Ao responder, Borges, primeira mulher presidente da OAB Bahia, afirmou ter aberto outros espaço para a representação feminina na sua gestão e disse que fez um repúdio público aos ataques recebidos por Ana Patrícia. “Eu fiz um repúdio tão enfático que inclusive a imprensa local noticiou, trouxe inclusive aqui sites nos quais houve uma repercussão do repúdio que fiz à época. É importante também aqui destacar que eu repudio todas as formas de violência contra a mulher. Não sou apenas eu, primeira mulher a chegar na presidência da OAB. Eu sempre digo que o meu orgulho é que eu cheguei com muitas. Pela primeira vez na história temos presidente e vice, duas mulheres e temos uma diretoria com três mulheres e as mulheres em todos os espaços do OAB trazendo as ações e projetos em prol também da mulher advogada”, rebateu.

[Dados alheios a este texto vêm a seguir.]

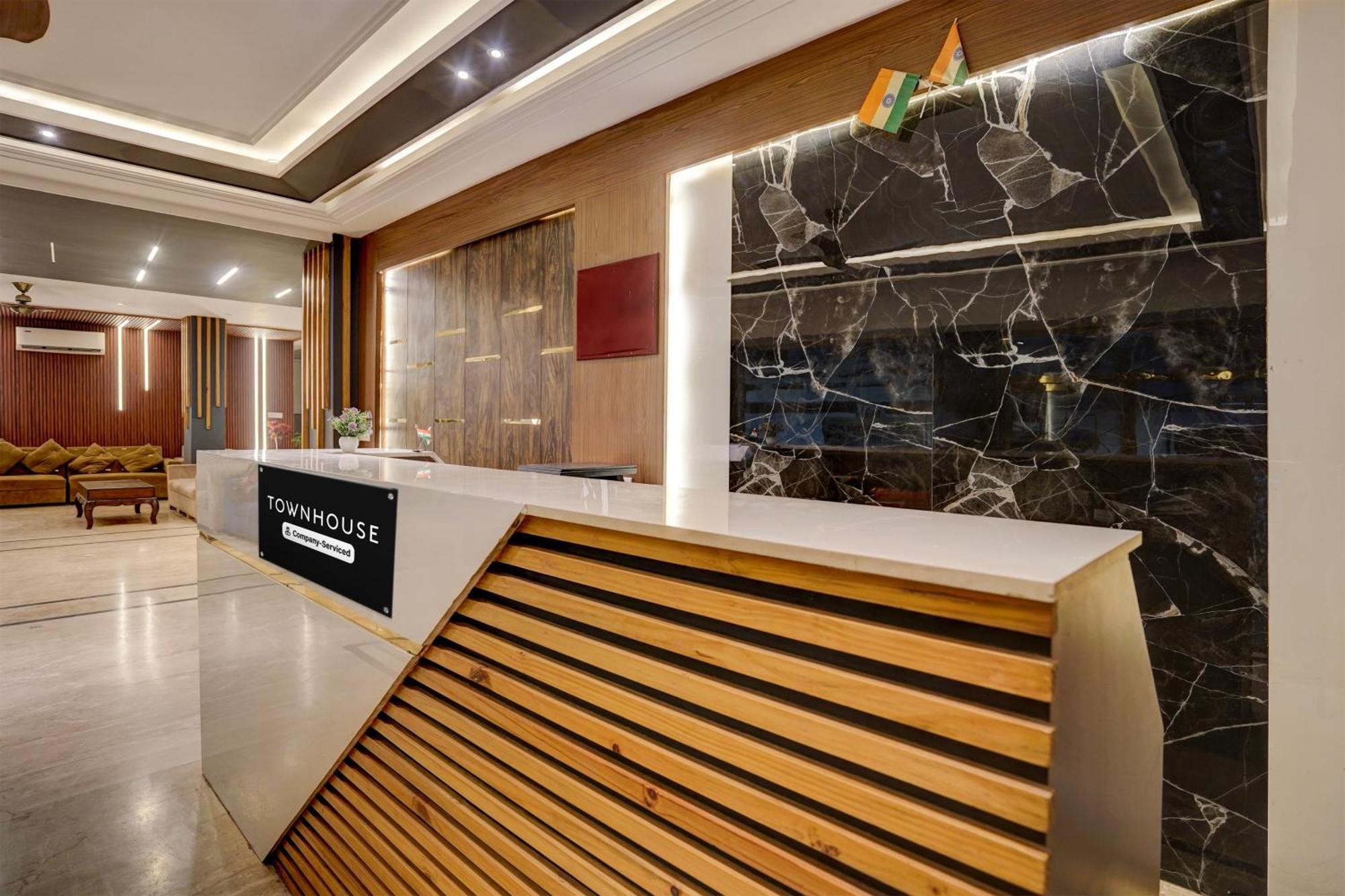 Super Townhouse Airport Road Delhi Hotel New Delhi Exterior foto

Ana Patrícia ainda provocou a presidente ao questionar sobre o que classificou como omissão da OAB em diversas frentes, entre as quais quanto à inexistência de fiscalização da qualidade dos cursos de Direito na Bahia, hoje com 80 mil inscritos, ao dizer que a instituição não combate o estelionato educacional. “A Bahia e o Brasil vivem um verdadeiro estelionato educacional. É papel da OAB lutar e judicializar pelo fechamento de instituições que não têm qualidade”, defendeu, acrescentando que a Ordem precisa de uma postura firme para garantir que os advogados sejam formados com excelência, propondo a descentralização da Escola Superior de Advocacia (ESA) para o interior, além de iniciativas como o projeto Primeiros Passos, que prevê mentoria, cotas raciais e de gênero, e parcerias para desconto em lojas conveniadas.
A candidata da oposição ainda criticou o programa da Caixa de Assistência dos Advogados da Bahia (CAAB), que distribui ternos usados para advogados iniciantes. “Isso é humilhante. Na nossa gestão, os advogados terão ternos novos e dignidade”, afirmou. Sobre as prerrogativas dos advogados, Ana Patrícia criticou a falta de estrutura do Poder Judiciário e propôs um projeto de pacto com o Poder. A ideia é destinar parte das custas processuais à melhoria da estrutura judiciária, com mais juízes, reativação de comarcas e contratação de assessores. Segundo ela, essa iniciativa poderá reduzir significativamente a violação de prerrogativas: “Embora existam magistrados que intencionalmente violam prerrogativas, a maioria dos problemas é fruto da má estrutura do Judiciário.”